Our department has made a new hire this month. As word has it - I avoid getting involved in searches involving this segment of our faculty - our future colleague is promising, personable, and happy to be aboard. All the things one looks for in a new tenure-track person. I never even asked what our future colleague wangled by way of a salary. One of the other candidates had demanded a salary about $5000 less than what I am making in lo, my third decade at 901 South National.. Another candidate had basically demanded "Find me a job for my spouse." Hiring one of your top choices in a seller's market can get expensive. I hope the department salary structure didn't get knocked too far out of whack. There is a world-class junior asshat in our department who will unleash a whining unto God or the University President, whichever of Them responds first.
I myself used to get quite bothered by this sort of salary compression issue. But with the passing years, I realize more and more how lucky - or blessed, or whatever - I was to land in a tenure track job at a time when the bar was set so much lower. Sure, the department was run by the asshats when I arrived. But as long as probationary types like me acted friendly-like, didn't whine about a 12-hour teaching load and didn't threaten the asshats too much with the publication records we were forced to compile, tenure and promotion were no big deal. I had to plead with our then-department head to be given a third-year pretenure review. The response was "We like you! You'll do fine!" They did like me. Then. The response I got when I went up for promotion to professor was something different, but that is another cycle of posts.

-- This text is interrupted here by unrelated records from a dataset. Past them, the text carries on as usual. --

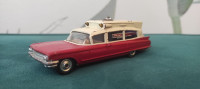 Stari Corgi toys Superior Ambulance on Cadillac Chassis autić maketa
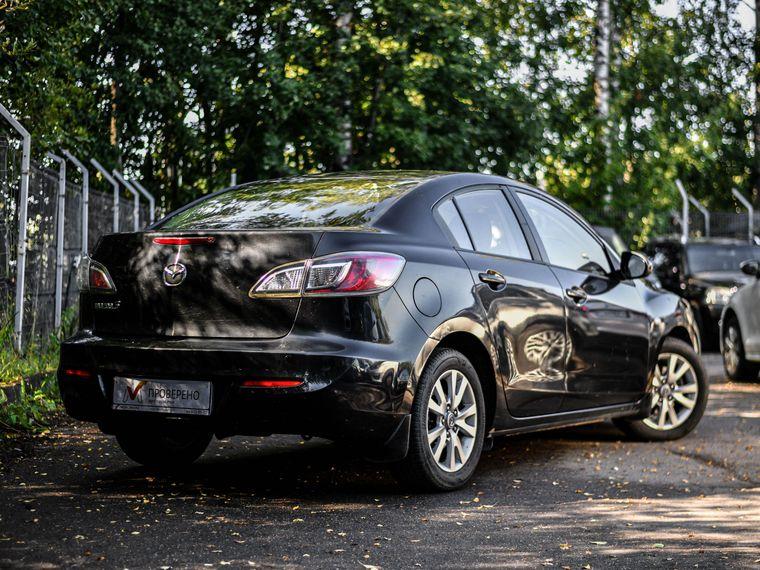 Mazda 3,  - вид 1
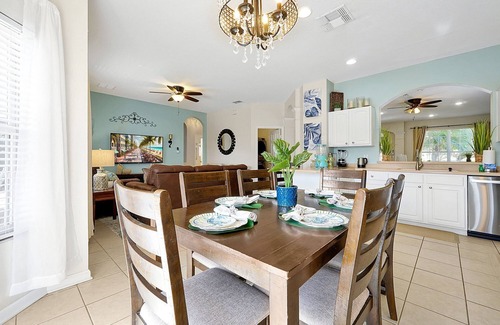 Windsor Hills Villa | * TODO A ESTRENAR-09/2019 * SOUTH POOL-6Bed / 4B / RESORT-home / POOL & SPA / 2. 5Miles-DISNEY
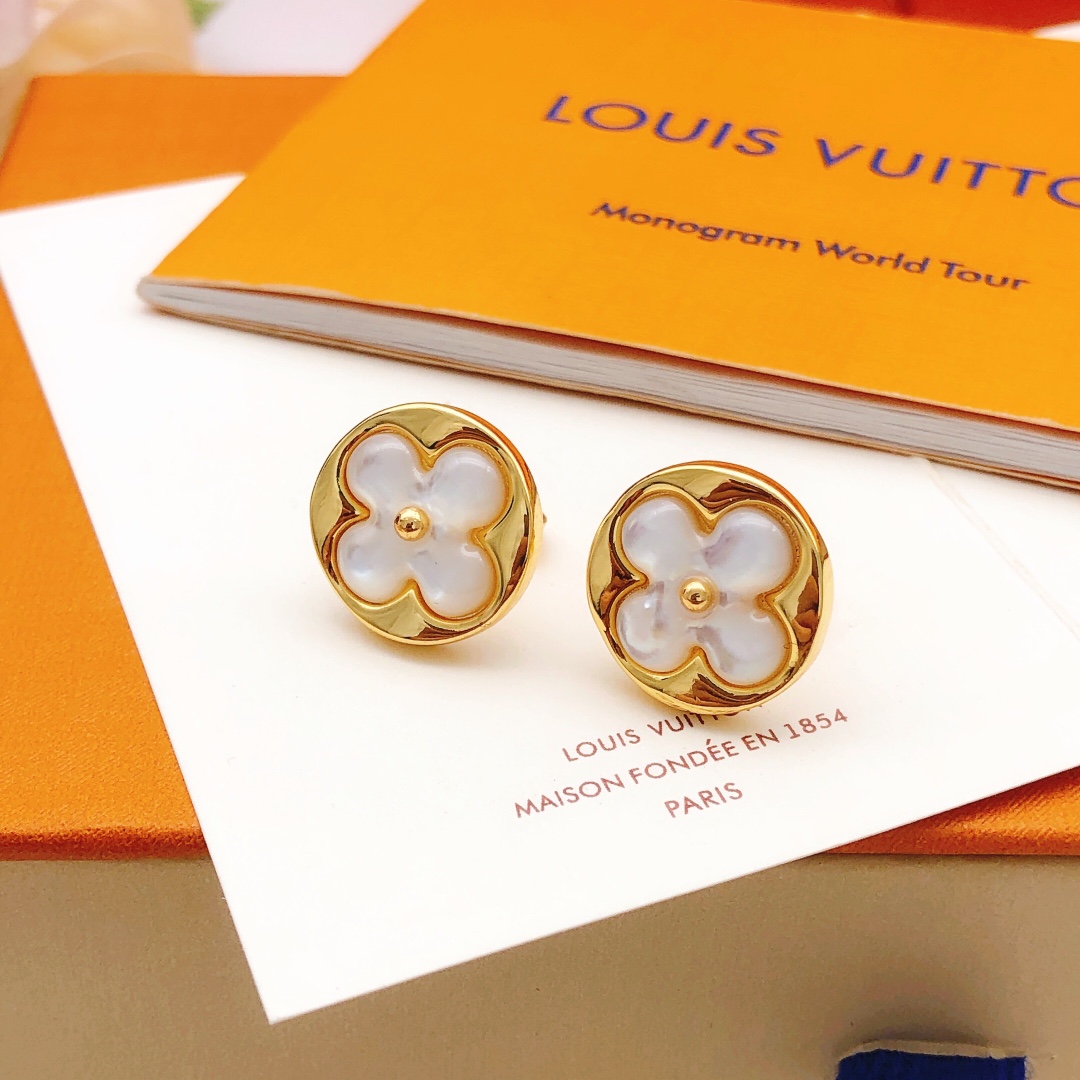 编号LED0238
 【Lv*最新款🆕🆕白贝母耳钉】一致专柜🆕黄铜材质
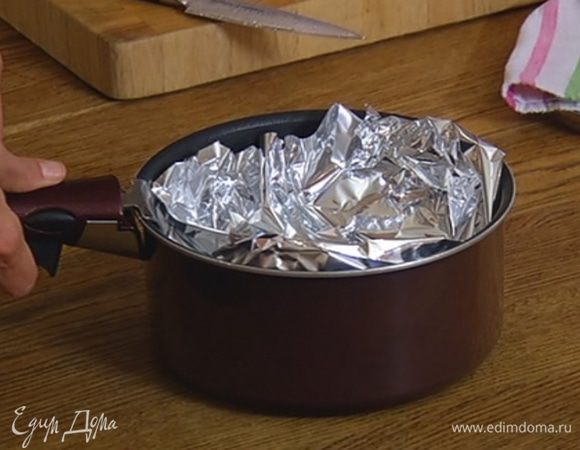 Снять кастрюлю с огня, накрыть двойным слоем фольги и отправить в разогретую духовку на 7–10 минут.
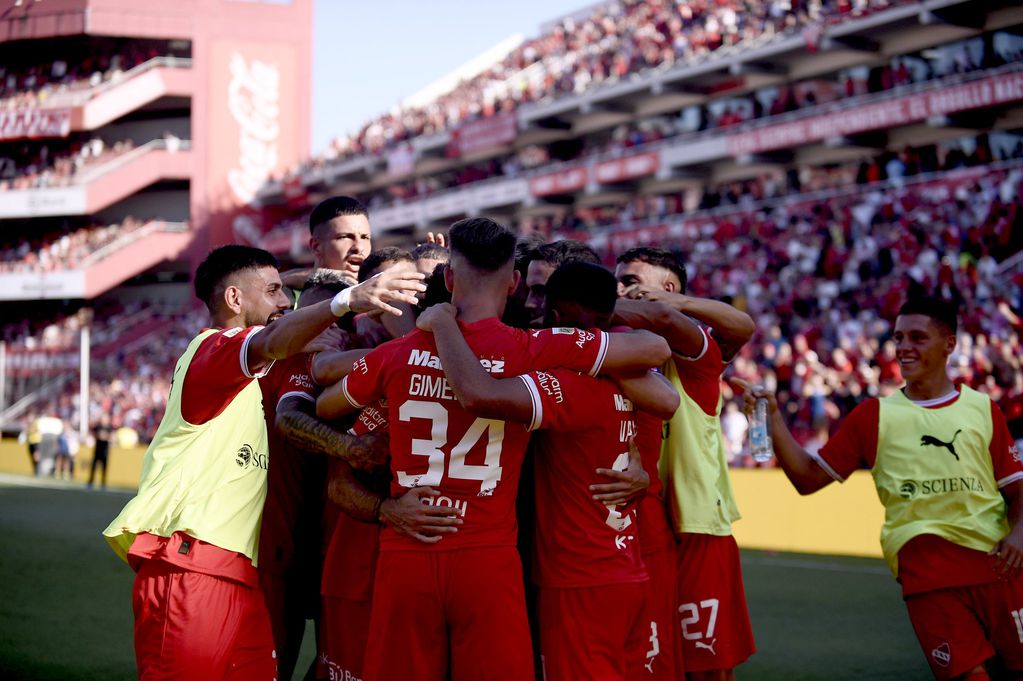 Todos en Independiente abrazan a Martín Cauteruccio que metió dos goles ante Instituto en el primer tiempo en Avellaneda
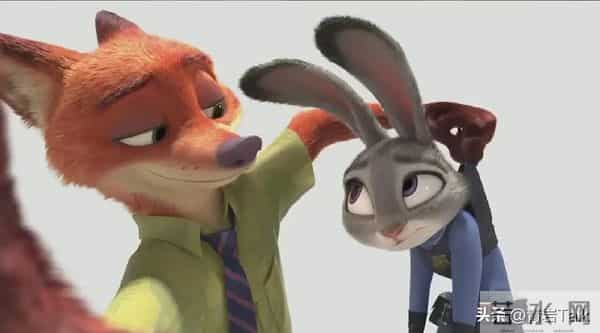 迪士尼“钞能力”再显!上海变“痛城”,IP授权撑起千亿生意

Now, probationary faculty are confronted with a mind-numbing sequence of hoops to jump through: codified departmental and collegiate tenure and promotion guidelines; annual evaluation letters from the personnel committee, head, and dean; the rumblings from Carrington Hall that the standards will continue to go up, up, up as 901 South National becomes even more excellent than it already is. This on top of excelling in teaching, service and research at all times, and acting friendly-like to the tenured faculty. Know what? It's all too easy to gripe about how bad we had it when we taught 15 hours per week, published a book a semester, and sprinted to and from work, uphill in both directions. All too easy to compare salaries and whine that the youngest was the most loved, when in fact the mountains of released time and inflated salaries can't begin to compare with the pressures new hires live with every day of their probationary periods. In fact, as much as I genuinely love what I do for a living and as grateful as I feel to make a living doing it, I sincerely doubt I'd even go to grad school today if this gray miasmic haze of uncertainty and blind chance was what awaited me when I finished.